• **Input data**:
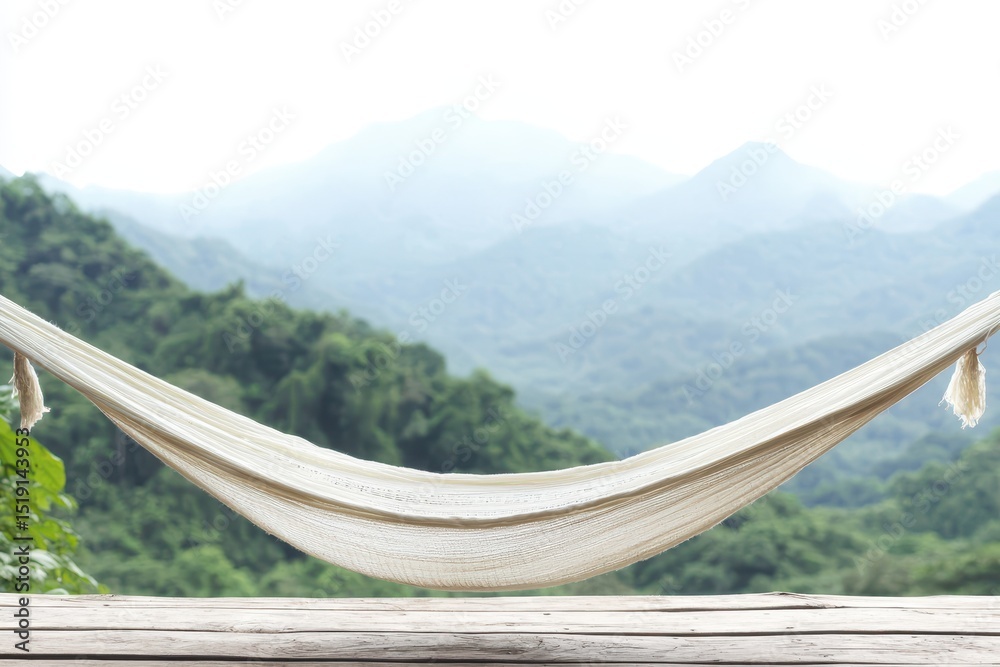 Poster relaxing hammock mountain concept. tranquil hammock overlooking serene mountains and lush greenery.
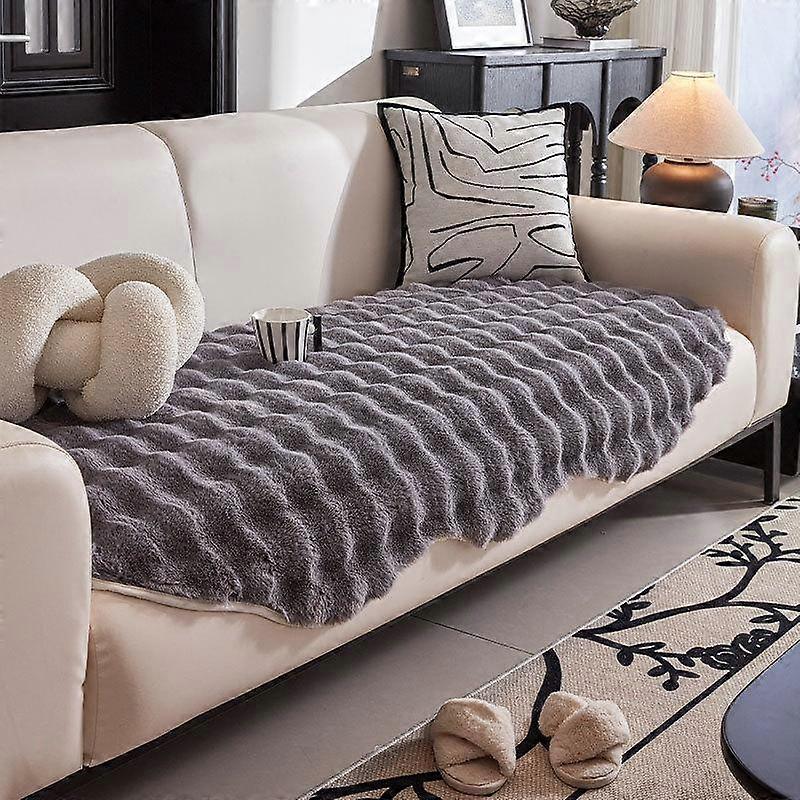 Irregular Sofa Cushion Winter Rabbit Fur Thickened Anti Slip Seat Cushion Irregular Plush Cover Cloth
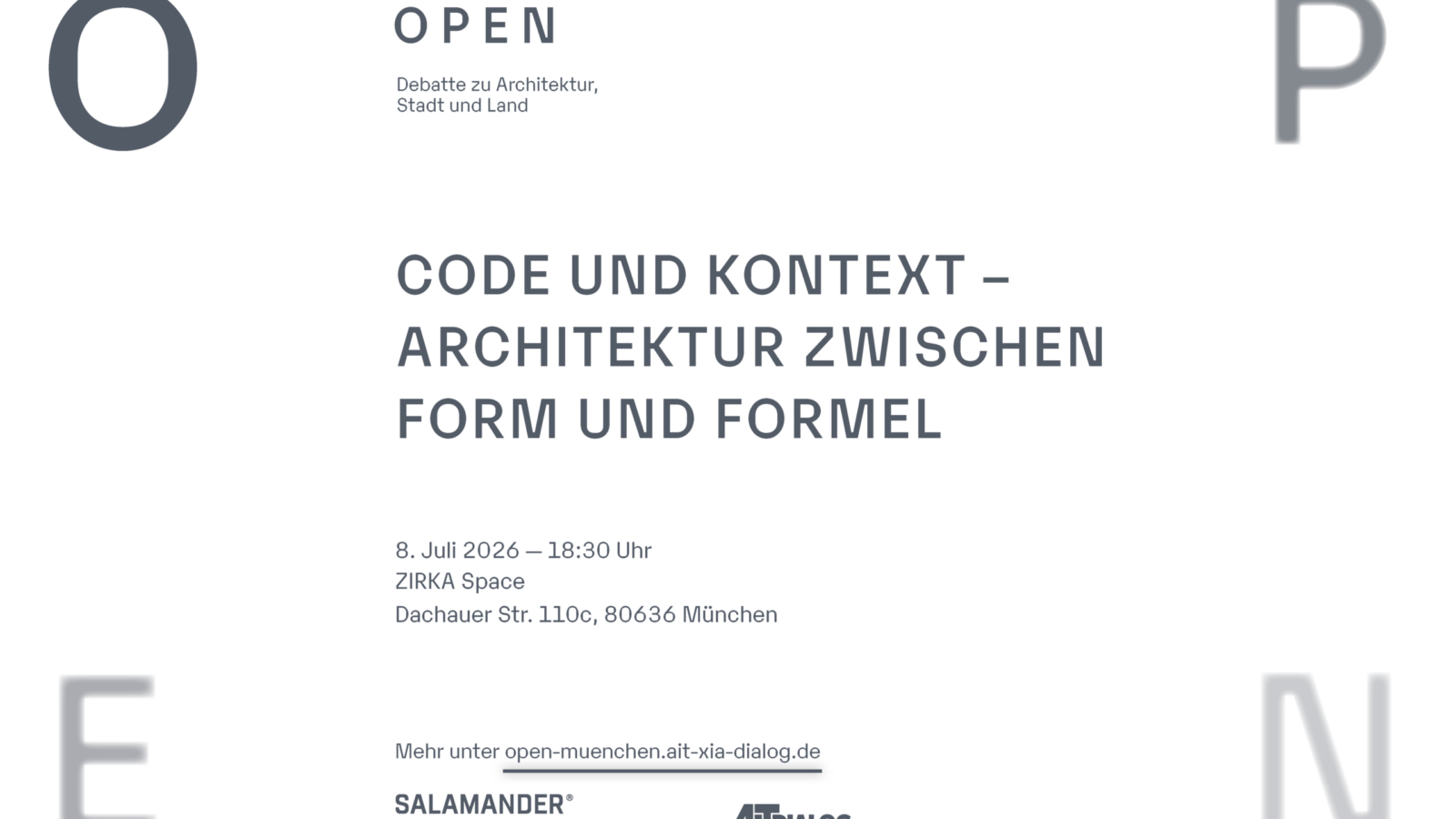 O P E N – Debatte zu Architektur, Stadt und Land – in München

• **Exercise instructions**:
Reproduce the listing above exactly, but skip the pictures.

• **Answer area**:
 Poster relaxing hammock mountain concept. tranquil hammock overlooking serene mountains and lush greenery.
 Irregular Sofa Cushion Winter Rabbit Fur Thickened Anti Slip Seat Cushion Irregular Plush Cover Cloth
 O P E N – Debatte zu Architektur, Stadt und Land – in München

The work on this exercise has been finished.